If an infinite series $\sum_{k=1}^{\infty}a_{k}$ is convergent. Is $\sum_{k=j}^{\infty}a_{k}$ finite? Where $j>1$.
If an infinite series, $\sum_{k=1}^{\infty}a_{k}$ is convergent. Is $\sum_{k=j}^{\infty}a_{k}$ finite?
3 Answers
Yes, because $ \sum_{k=j}^\infty a_k = \sum_{k=1}^\infty a_k - \sum_{k=1}^{j-1}a_k. $
The first term on the right-hand side is finite by assumption, the second because it is the sum of finitely many finite numbers.
Given $\displaystyle \sum_{k=1}^{\infty}a_{k}\;\;$ is convergent, then YES: for $\;j \gt 1$, $\quad(a)\quad\sum_{k=j}^\infty a_k\;\;$is finite.

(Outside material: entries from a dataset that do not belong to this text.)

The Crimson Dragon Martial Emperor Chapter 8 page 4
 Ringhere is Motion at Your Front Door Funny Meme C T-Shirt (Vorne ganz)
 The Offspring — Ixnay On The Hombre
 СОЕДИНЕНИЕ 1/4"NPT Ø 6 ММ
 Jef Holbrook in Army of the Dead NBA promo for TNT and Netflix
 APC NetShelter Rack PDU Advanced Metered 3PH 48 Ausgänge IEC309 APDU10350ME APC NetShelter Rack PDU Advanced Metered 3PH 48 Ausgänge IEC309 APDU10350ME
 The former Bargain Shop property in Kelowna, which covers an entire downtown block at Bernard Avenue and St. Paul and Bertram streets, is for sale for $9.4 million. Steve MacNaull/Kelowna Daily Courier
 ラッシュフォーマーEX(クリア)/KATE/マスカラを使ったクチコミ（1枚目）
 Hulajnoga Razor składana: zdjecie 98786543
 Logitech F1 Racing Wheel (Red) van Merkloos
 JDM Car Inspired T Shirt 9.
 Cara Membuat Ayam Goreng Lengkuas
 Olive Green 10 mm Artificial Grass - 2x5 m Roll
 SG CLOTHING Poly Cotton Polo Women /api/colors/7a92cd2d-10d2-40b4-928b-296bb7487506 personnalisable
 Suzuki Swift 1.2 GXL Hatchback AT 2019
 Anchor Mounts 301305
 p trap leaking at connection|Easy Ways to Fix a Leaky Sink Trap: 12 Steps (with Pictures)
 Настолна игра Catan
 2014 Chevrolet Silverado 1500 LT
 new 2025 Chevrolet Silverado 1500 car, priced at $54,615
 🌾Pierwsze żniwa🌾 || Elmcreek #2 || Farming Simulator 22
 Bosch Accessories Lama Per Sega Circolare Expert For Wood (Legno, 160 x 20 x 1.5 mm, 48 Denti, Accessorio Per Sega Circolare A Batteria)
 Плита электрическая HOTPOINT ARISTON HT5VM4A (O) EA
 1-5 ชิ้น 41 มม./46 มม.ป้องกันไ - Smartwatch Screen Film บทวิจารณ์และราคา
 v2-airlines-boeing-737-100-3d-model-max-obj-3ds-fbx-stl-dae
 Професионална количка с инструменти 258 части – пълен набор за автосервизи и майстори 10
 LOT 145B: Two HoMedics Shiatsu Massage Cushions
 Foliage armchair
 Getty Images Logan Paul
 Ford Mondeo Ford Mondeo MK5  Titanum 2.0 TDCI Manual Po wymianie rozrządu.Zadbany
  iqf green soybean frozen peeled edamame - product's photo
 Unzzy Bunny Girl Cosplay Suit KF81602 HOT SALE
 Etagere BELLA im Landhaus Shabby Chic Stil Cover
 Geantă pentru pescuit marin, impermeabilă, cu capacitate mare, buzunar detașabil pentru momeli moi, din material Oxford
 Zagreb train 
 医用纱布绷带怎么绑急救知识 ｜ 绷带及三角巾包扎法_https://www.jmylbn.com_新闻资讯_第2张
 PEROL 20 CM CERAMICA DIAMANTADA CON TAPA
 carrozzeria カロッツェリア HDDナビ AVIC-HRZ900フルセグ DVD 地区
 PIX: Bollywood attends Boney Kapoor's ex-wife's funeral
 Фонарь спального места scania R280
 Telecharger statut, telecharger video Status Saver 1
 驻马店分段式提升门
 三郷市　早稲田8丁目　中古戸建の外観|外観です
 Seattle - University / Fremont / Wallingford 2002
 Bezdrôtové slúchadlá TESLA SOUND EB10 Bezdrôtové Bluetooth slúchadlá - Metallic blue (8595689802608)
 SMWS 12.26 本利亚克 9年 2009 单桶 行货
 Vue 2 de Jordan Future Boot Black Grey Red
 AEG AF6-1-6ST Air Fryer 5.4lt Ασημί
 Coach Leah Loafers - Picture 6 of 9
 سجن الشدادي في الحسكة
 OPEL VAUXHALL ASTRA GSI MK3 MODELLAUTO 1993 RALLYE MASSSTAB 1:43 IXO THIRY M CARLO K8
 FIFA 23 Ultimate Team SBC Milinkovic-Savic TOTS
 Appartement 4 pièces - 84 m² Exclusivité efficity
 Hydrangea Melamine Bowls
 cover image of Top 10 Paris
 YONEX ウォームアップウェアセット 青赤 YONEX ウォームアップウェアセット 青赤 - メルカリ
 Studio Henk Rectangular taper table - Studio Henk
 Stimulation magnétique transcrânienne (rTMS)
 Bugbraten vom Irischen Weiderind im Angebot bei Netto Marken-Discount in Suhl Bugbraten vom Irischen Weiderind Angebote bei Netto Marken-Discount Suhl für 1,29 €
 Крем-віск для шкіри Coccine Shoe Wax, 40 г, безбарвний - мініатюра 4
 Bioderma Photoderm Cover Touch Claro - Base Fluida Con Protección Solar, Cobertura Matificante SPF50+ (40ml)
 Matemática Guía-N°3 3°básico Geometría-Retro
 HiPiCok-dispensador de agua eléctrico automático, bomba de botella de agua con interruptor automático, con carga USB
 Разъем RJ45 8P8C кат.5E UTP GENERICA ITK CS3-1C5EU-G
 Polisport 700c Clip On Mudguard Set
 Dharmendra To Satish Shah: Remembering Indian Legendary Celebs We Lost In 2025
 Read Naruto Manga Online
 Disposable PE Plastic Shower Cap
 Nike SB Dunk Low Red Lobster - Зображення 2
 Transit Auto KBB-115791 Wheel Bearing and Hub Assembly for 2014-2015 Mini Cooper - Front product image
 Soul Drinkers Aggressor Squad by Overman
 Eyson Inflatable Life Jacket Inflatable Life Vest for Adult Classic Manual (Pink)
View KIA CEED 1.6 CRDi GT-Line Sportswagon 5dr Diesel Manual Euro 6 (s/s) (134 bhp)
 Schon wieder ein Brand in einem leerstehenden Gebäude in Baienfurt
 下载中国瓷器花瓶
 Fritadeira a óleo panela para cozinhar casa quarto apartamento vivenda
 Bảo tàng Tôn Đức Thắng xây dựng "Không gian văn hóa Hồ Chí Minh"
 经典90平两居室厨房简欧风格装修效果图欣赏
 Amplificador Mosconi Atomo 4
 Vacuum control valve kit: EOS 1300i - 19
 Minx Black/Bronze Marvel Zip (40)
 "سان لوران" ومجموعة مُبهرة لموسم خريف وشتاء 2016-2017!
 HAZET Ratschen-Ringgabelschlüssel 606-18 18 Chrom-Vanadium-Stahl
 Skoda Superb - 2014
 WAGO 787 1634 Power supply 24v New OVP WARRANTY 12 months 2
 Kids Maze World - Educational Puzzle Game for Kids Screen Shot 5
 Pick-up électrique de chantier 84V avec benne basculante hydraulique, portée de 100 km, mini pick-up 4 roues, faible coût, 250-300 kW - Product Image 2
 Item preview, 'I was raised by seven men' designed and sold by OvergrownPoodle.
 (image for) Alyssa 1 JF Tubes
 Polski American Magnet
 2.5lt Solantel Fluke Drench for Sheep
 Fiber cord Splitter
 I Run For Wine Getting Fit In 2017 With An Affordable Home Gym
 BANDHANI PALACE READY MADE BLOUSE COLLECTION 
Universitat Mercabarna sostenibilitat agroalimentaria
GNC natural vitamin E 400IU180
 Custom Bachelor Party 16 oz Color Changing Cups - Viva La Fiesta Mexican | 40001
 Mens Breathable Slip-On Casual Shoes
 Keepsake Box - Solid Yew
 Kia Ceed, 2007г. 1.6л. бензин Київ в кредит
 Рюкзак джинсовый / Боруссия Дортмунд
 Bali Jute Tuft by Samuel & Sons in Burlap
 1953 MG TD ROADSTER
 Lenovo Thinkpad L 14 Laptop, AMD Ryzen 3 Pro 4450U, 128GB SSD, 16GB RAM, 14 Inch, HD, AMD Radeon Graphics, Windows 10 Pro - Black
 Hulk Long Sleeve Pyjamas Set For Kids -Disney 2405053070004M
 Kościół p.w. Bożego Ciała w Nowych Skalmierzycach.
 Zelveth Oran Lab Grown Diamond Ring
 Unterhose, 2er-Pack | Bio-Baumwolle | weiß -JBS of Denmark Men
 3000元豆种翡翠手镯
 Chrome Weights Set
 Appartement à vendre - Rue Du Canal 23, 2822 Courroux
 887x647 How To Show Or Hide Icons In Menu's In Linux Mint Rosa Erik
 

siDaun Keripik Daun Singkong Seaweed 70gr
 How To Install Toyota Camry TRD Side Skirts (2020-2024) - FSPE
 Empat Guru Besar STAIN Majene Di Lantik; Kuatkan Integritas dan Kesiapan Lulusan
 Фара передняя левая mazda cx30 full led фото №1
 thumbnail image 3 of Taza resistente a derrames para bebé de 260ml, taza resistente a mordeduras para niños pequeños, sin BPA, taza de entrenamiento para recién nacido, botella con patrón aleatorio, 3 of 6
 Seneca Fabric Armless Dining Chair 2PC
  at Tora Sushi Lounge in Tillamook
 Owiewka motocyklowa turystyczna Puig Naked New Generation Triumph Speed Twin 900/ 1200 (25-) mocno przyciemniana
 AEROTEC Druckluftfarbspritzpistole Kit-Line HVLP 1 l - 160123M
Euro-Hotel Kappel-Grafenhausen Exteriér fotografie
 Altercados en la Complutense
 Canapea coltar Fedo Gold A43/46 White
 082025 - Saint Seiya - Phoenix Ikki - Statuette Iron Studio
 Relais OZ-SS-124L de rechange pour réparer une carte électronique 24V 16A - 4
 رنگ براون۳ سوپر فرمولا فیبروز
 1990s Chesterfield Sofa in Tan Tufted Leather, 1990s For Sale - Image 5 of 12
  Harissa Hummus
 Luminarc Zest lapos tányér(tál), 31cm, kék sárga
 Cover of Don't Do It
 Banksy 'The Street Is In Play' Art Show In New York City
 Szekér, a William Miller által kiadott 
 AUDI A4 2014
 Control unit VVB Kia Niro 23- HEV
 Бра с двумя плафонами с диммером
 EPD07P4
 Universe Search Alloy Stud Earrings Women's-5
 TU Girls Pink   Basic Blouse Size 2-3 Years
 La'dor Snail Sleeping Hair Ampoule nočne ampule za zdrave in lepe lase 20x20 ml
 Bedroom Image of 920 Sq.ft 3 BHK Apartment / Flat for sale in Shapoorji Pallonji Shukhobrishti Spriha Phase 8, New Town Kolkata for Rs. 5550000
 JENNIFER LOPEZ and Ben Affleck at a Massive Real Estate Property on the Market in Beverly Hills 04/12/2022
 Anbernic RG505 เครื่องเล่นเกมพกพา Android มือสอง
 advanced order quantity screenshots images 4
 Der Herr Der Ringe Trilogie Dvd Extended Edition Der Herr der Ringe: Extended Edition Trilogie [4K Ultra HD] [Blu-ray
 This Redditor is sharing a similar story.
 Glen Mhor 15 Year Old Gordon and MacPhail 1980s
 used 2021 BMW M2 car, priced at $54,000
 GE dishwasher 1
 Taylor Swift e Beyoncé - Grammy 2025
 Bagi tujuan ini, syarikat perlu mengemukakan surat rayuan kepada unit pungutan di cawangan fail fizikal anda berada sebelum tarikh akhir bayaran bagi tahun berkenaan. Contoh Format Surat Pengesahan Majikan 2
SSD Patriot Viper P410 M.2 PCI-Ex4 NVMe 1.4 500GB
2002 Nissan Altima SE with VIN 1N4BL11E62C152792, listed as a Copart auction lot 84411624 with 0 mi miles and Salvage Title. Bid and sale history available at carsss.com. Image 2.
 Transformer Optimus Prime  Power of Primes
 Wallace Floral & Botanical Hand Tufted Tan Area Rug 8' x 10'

Note that the series given by $(a)$ can be expressed as the difference of sums as shown below:
$\sum_{k=j}^\infty a_k \quad=\quad \sum_{k=1}^\infty a_k \;\;- \;\;\sum_{k=1}^{j-1}a_k.\tag{1}$
The first sum on the right-hand side of $(1)$ is finite since we are given that this is convergent, and so finite by definition. The second sum on the right hand side of $(1)$ is finite since it's the finite sum of finitely many terms.
We conclude that $\;\displaystyle \sum_{k=j}^\infty a_k\;$ is therefore finite.
It is easy to show that: $\sum_{k=j}^{\infty}a_k=\sum_{k=1}^{\infty}a_k-(a_1+a_2+...+a_{j-1})$
Thus, the answer is yes.
(I hope I did not interpret your question in a trivial way.)